In a study involving only early-stage glottic cancer patients, the post-RT rates of subclinical and clinical hypothyroidism were reported to be 24 and 6%, respectively (23). These rates do not appear to be low considering their relatively small target volume involving no neck node irradiation. Conventional RT consists of opposed-lateral beams to primarily avoid the spinal cord, however, it exposes a certain proportion of the thyroid gland (32.8% on average in the present study) to high radiation doses almost identical to that of the target. To the best of our knowledge, the present study is the first to contour and restrict the dose not only to the carotid artery, but also to the thyroid gland, and revealed the dosimetric benefits of the advanced RT technique in terms of sparing the two organs. A small increase in the Dmax of the PTV with VMAT may affect larynx function (7), however, the V105 was not significantly different between the two techniques. The spinal cord dose was increased, but remained within the recommended tolerable range.
Through acceleration of the atherosclerotic process of the carotid artery, RT may increase the risk of ischemic stroke in head and neck cancer patients (24). The actuarial incidences of cerebrovascular events at 10 years after definitive RT and surgery have been reported as 34% and 26%, respectively (P<0.001) (12).
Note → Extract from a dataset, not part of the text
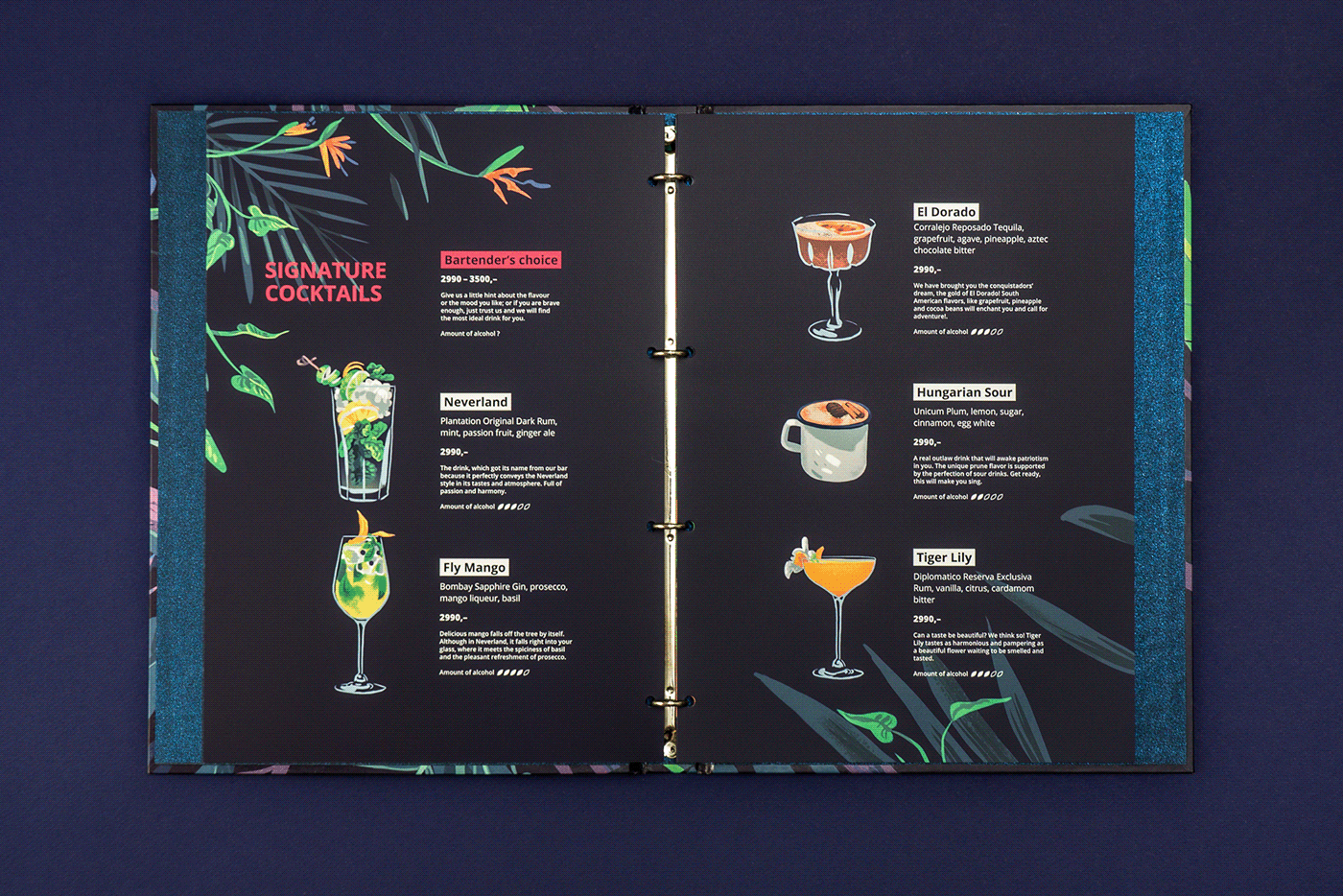 animals bird botanical cocktail drinks exotic floral jungle menu Tropical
When only the early-stage glottic cancer patients are assessed, RT is also associated with an increased risk of fatal cerebrovascular events compared with surgery, with a cumulative incidence at 15 years of 2.8 versus 1.5% (P=0.024) (25). The results of the present study indicated that VMAT significantly decreases the dose to the carotid artery, which is consistent with previous dosimetric studies of IMRT or VMAT in early-stage glottic cancer (5–10). A total of 35 Gy has been indicated as the threshold for intima media thickness and wall abnormalities of the carotid artery (26). In the present study, the V35 was reduced by almost half (49%) with VMAT. An additional radiation-related carotid toxicity is carotid blowout syndrome, a rare but devastating complication following reirradiation of the head and neck region for recurrence or a second malignancy (27). Therefore, it is important to minimize the unnecessary dose to the carotid artery during initial treatment.
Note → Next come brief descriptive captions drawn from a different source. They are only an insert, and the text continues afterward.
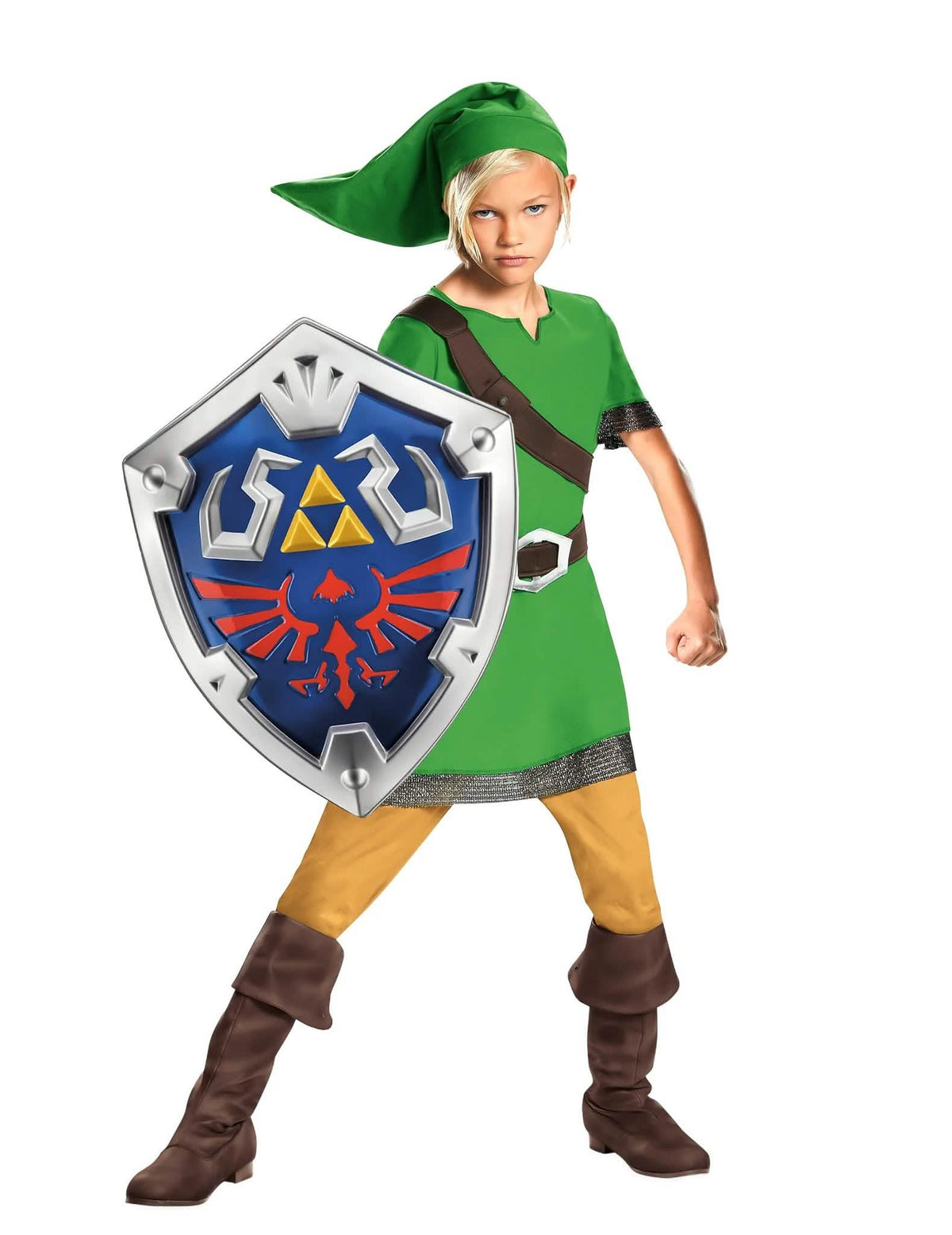 Kit de fantasia Link Zelda™ para criança com escudo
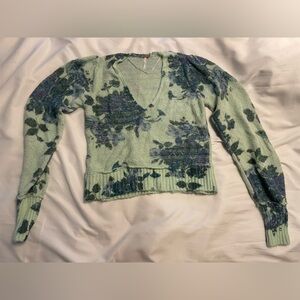 Free People Light Green with Blue Roses V-Neck Sweater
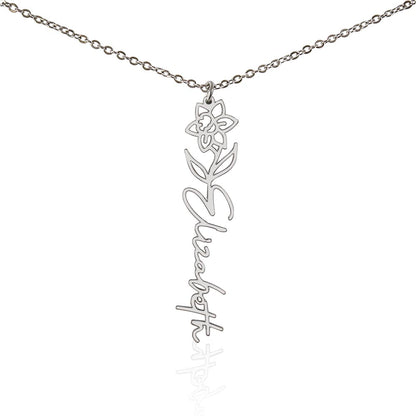 Personalized Birth Flower Name Necklace – Custom Vertical Signature Script Pendant Gift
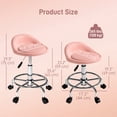 thumbnail image 3 of HOMCOM Tabouret Roulant Réglable, Chaise de Salon en PU avec Repose-Pieds, Rose, 3 of 10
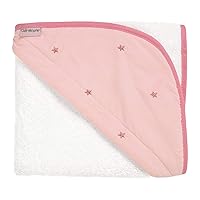 Clair de Lune Lullaby Stars Cotton Hooded Baby Towel, Blush Pink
In conclusion, compared with conventional RT, VMAT yields significantly improved dose-volume parameters of the thyroid gland and carotid artery, with no differences in target coverage or homogeneity. Considering the NTCP model for radiation-induced hypothyroidism (20), not only the carotid artery, but also the thyroid gland must be contoured and protected as an avoidance structure during advanced RT planning for early-stage glottic cancer. Considering the high rates of tumor control and the long-term survival of patients, favorable dosimetric features of organs associated with late-manifesting toxicities may be valuable.
Acknowledgements
This study was supported by the Soonchunhyang University Research Fund.